## [TASK]
Copy exactly the lines from the first line of the records below through the line containing "Slide: The Image", including both, and nothing else.

Crawled caption data
※ ※ ※

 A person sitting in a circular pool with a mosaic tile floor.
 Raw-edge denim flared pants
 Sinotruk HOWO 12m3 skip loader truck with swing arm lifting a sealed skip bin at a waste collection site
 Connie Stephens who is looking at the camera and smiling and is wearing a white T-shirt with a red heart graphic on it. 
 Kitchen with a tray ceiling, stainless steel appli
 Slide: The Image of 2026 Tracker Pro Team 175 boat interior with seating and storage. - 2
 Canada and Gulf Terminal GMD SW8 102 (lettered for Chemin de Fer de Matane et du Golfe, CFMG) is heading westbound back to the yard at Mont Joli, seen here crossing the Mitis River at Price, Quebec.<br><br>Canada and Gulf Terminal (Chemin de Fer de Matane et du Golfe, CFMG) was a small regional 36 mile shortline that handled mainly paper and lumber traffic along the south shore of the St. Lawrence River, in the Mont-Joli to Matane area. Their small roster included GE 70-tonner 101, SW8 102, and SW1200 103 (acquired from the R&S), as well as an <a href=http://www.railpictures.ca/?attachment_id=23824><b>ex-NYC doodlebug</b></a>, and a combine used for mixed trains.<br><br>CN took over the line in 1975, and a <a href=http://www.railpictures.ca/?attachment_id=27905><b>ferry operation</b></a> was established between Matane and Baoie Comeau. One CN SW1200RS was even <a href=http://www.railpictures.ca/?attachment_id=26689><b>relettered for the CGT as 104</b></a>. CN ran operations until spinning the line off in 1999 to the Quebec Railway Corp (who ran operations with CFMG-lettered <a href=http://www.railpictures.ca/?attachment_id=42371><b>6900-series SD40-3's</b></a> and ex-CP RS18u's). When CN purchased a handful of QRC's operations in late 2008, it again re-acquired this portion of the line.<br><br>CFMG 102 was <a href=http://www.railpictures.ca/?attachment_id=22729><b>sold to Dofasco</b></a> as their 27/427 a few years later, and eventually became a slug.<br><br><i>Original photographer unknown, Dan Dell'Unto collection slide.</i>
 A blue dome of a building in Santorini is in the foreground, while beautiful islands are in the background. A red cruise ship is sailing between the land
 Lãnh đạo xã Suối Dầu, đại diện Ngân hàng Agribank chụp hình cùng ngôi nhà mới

※ ※ ※

## [WRITTEN RESPONSE]
 A person sitting in a circular pool with a mosaic tile floor.
 Raw-edge denim flared pants
 Sinotruk HOWO 12m3 skip loader truck with swing arm lifting a sealed skip bin at a waste collection site
 Connie Stephens who is looking at the camera and smiling and is wearing a white T-shirt with a red heart graphic on it. 
 Kitchen with a tray ceiling, stainless steel appli
 Slide: The Image of 2026 Tracker Pro Team 175 boat interior with seating and storage. - 2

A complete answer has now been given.